Sunday, July 21, 2019
Parks Pulls Marlton Square Out of Bankruptcy
By Sentinel News Service
Published January 27, 2011

Marlton Square. Photo by Jason Lewis

Area to be developed. Photo by Jason Lewis

Demolition to Begin Shortly on the former Santa Barbara Plaza, Construction to Restart on Buckingham Place Senior Apartments

Councilmember Bernard C. Parks joined business leaders from across the Eighth District to announce that problem-plagued Marlton Square has emerged from bankruptcy, with a final settlement reached on December 29th, 2010.

“To say I’m thrilled would be the understatement of the decade,” Parks said. “This blighted property has been an eyesore in the community for years. I share the anger and frustration of my constituents at the incompetence and financial mismanagement of past government officials and real estate developers that created this mess.”

Commercial Mortgage Managers (CMM) was selected to act as the servicing agent for over 270 claimants on the parcels in the south and west portions of Marlton Square, which have been mired in bankruptcy litigation for several years. The company plans to raise capital for demolition of the existing structures, which have become a magnet for crime, and then sell the entire property on behalf of the claimants, to a qualified developer.

The only portion of the planned mixed-use development–which was to offer stores, restaurants and market-rate condominiums–that ever commenced construction was Buckingham Place Senior Apartments, envisioned as a three building complex with 180 apartments for low-income seniors. Only one of the three buildings was constructed, but work was ordered stopped when at least three companies forced the property in to involuntary Chapter 7 bankruptcy, after the developer stopped making payments to construction companies in May of 2007.

The building is over 90% complete, with appliances, carpeting and cabinets already in place, with work remaining to be completed in the hallways, stairwells and trash rooms. In 2010, the City signed a new contract with Meta Housing to complete the project. Construction will commence pending approval from the US Department of Housing and Urban Development, which had provided $8.5 million in federal funding, and is expected to create over 65 jobs.

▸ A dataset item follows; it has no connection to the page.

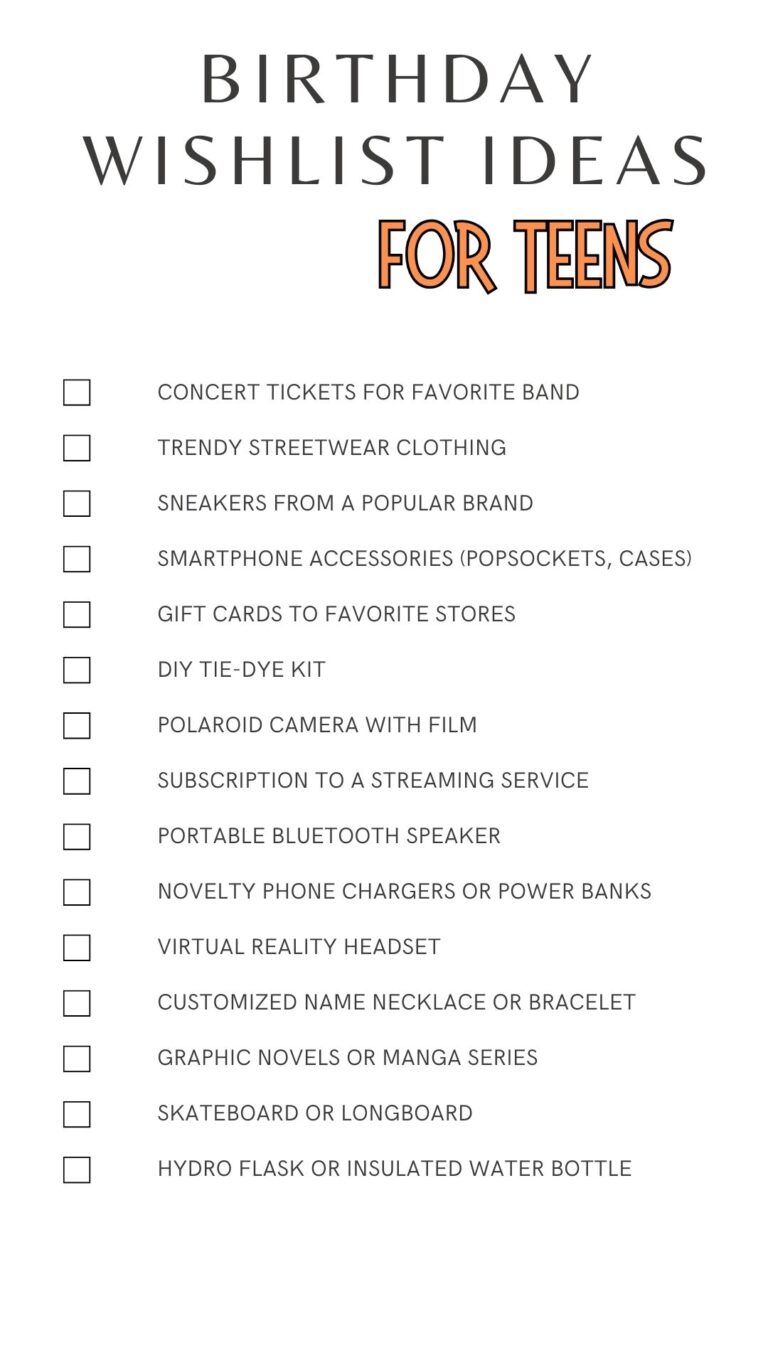 Printable List Of Birthday Wishlist Ideas - Printables Hub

“This community has been promised redevelopment of Marlton Square time and time again, only to be let down by failure after failure. I’m not going to insult my constituents by making more promises,” Parks said.  “They don’t want more promises, they want action.”

Many in the business community think Parks may just have the leadership ability, clout and fortitude to succeed where so many others have failed. He was joined at the Tuesday morning press conference by a wide variety of business and community leaders,
including: Christine Essel, CEO of the Community Redevelopment Agency of Los Angeles (CRA/LA), Carolyn Hull–Regional Administrator for CRA/LA’s South Los Angeles Region, Mike Jones–President of the Crenshaw Chamber of Commerce, Ken Lombard–President of Capri Urban Partners (which owns neighboring Baldwin Hills Crenshaw Plaza Mall), Curtis Fralin-Owner, Mavericks Flat, Walter Cathey–Regional Real Estate Director for Fresh & Easy, Karim Webb & Edward Barnett–Franchisees of a new Buffalo Wild Wings restaurant, Brad Johnson, restaurateur and developer of the future Post and Beam Restaurant, Lori Johnson–Vice President, Portfolio Leasing for the Festival Companies and real estate broker Darren Gooden of Bedford Parc.

Their comments suggested a general consensus that Parks understands the needs of the business community and his commitment to creating a friendly business environment has led to the recent development boom in the Crenshaw District.

Capri Urban Partners is investing $30 million into upgrading Baldwin Hills Crenshaw Plaza, with an eye toward attracting high-end tenants, as well as investing $10 million into the Magic Theatres next door.

Rave Motion Pictures will operate the renovated theater, which will feature stadium seating and the latest digital technology, which can project in 3-D.